The approach to "meaning" chosen in this work is that I don't seek to represent the mechanisms of natural languages (or the part of those mechanisms to which we restrict our attention) as a unique well-defined formal system. A natural language (in contrast to any mathematically defined calculus) is an open system that can be easily modified to incorporate every new field of human activities, and the structure of the language must support this flexibility. Thus I treat the language as a free combination of a great number of subsystems each serving some particular small field of activity which probably can have a precise mathematical model.
The subsystems can be easily added or replaced (e.g., when a mathematical model becomes too crude for new applications) and their fields can overlap, so the same situation can be described in terms of several subsystems (which is known to be very fruitful in solving various problems). However the subsystems are not completely independent of each other because each of them has to account for relations between its particular field and natural language texts (or utterances), and therefore all subsystems can share some common language mechanisms part of which is known as grammar. No particular language mechanism is mandatory for a subsystem, but the rich choice of such mechanisms present in the language makes it easy to build new subsystems or to modify existing ones, and it is rather a rare occasion that a new mechanism must be added. Thus the basic structures of a language are sufficiently stable.
It is the variety of linguistic mechanisms serving various problem areas that I am going to discuss. It comprises more than what we traditionally call morphology and syntax and what can be described more or less accurately by means of traditional "universal" mathematical models. Many commonly used words do not belong to any particular problem area, they can be used in many areas representing each time different things in the real world but preserving some properties and relationships (e.g., "to close" means to cancel the effect of "to open", no matter what you had opened, a bottle or a computer file; the relationship "open" - "use" - "close" serves well in both areas and in many others). Such words are also part of what the language offers to every problem area.
The object of my studies is the process leading from a text to some appropriate response in a specified problem area. The ultimate response is an external action, but for a text which is in some way incomplete the response may amount to remembering some internal information which will be used to produce responses to future texts. And we have to develop an internal representation for such information. Then we can describe the "meaning" of a word or of a statement in terms of changes it makes in this internal representation.
The internal representation has the form of an "association net" (essentially, a common semantic net), consisting of nodes representing some entities (usually specific objects found either in the text or in the real world) and directed arcs connecting the nodes; some nodes may represent numbers, strings of characters, procedures, or finite sets of other nodes. The important feature is that the arcs are named, and the names of arcs issuing from the same node must be all distinct. One of the operations on such a net is merging two nodes; identically named arcs issuing from the two nodes have to be merged too.

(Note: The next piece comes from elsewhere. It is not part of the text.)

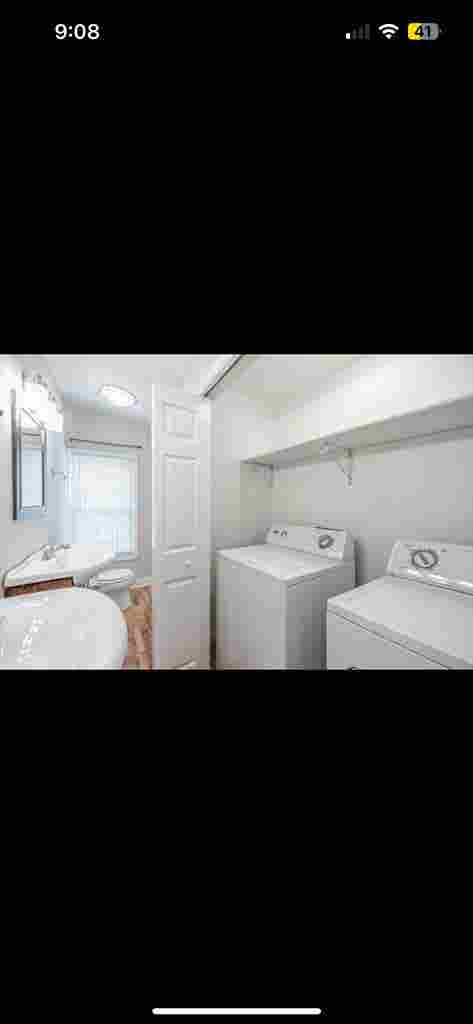 Looking for a Roommate move in asap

Thus arc names are meaningful, because they help match independently formed structures. The vocabulary of such names is one of the things the language offers to its independent subsystems. The names need not be actual words of the natural language; most often they are special symbols designating roles, e.g., syntactic or semantic cases. The words "open" and "close" from the preceding example can be regarded as such names applicable to a number of subsystems, each time identifying an arc leading from an object to the description of the respective action. And there can be a general "open--close" frame describing the relationships between the actions that are supposed to be valid whenever the language chooses to use this metaphor in a particular area. (The relationships need not be mandatory, they are used as defaults that may be overrun; e.g., mathematicians don't normally use the word "addition" for a non-commutative operation, but addition of ordinals is a counter-example. On the other hand, if too many relations specified by a general frame do not apply to a particular subsystem there is no point in using this frame, and it is better to find a different word for the situation. I will not discuss here this problem any more, and the relations specified by the general frame chosen will never be cancelled.)

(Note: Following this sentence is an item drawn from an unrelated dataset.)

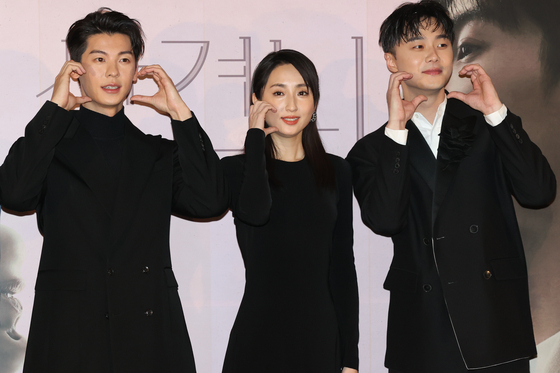 From left, Greg Han, Alice Ko and Patrick Shih pose for a photo during a press conference held at Yongsan CGV in central Seoul on Jan. 26. [YONHAP]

The general frames just mentioned are much like M.Minsky's frames in that each of them represents some general idea and may comprise both data and procedures. Of course, they are not as powerful as his, but not as simple as standard structures offered by some "AI shells". Technically, a frame is a separately stored association net with one node designated as the main node. Using a frame consists in making its copy for a particular situation and then probably merging the copy of the main node with some previously defined node and further propagating the merger along identically named arcs. Thus arc names serve as the frame's interface to the rest of the net (which might have been built out of copies of other frames) and the names of the arcs issuing from the main node are analogous to "slots". Applying a frame to a node is informally equivalent to making a statement that the object represented by the node belongs to the class represented by the frame. This brings additional information to the object, including some new procedures.
The process of interpretation of a natural language text can now be described as follows. For each meaningful word we must have a predefined frame, representing the objects, relations and actions connected with the meaning of the word. (Auxiliary words have their frames too because we need to represent syntactic relationships as well as semantics.) E.g., a frame for a verb would include a node representing the word itself and another node to represent the action or situation of the real (or imaginary) world named by this verb. The second would be attached to the first by an arc with the standard name 'reference'. Then there probably would be a node representing a subject (a noun) to this verb attached by an arc named 'subject'. The latter node would have its own 'reference' to a real object that is expected to play some role in the action or the situation represented by the verb. Thus the 'reference' of the verb would have an arc leading to the 'reference' of the subject; the name of this arc may depend on the verb. Similarly, one can introduce some nodes for a direct object of the verb, etc. A frame for the verb "to buy" would include the buyer, the seller, the object and the money (and probably something else, e.g., a tax), each both as a word (because a word corresponding to the respective role can be syntactically attached to the verb) and as its 'reference'. We have to distinguish between the syntactic and semantic entities (words and their 'references') because two distinct words may refer to one same object.
Of course, most words are ambiguous, and each word may have several alternative syntactic and semantic frames. I do not consider the problem at this stage; instead I'll think that the correct alternative has been chosen somehow.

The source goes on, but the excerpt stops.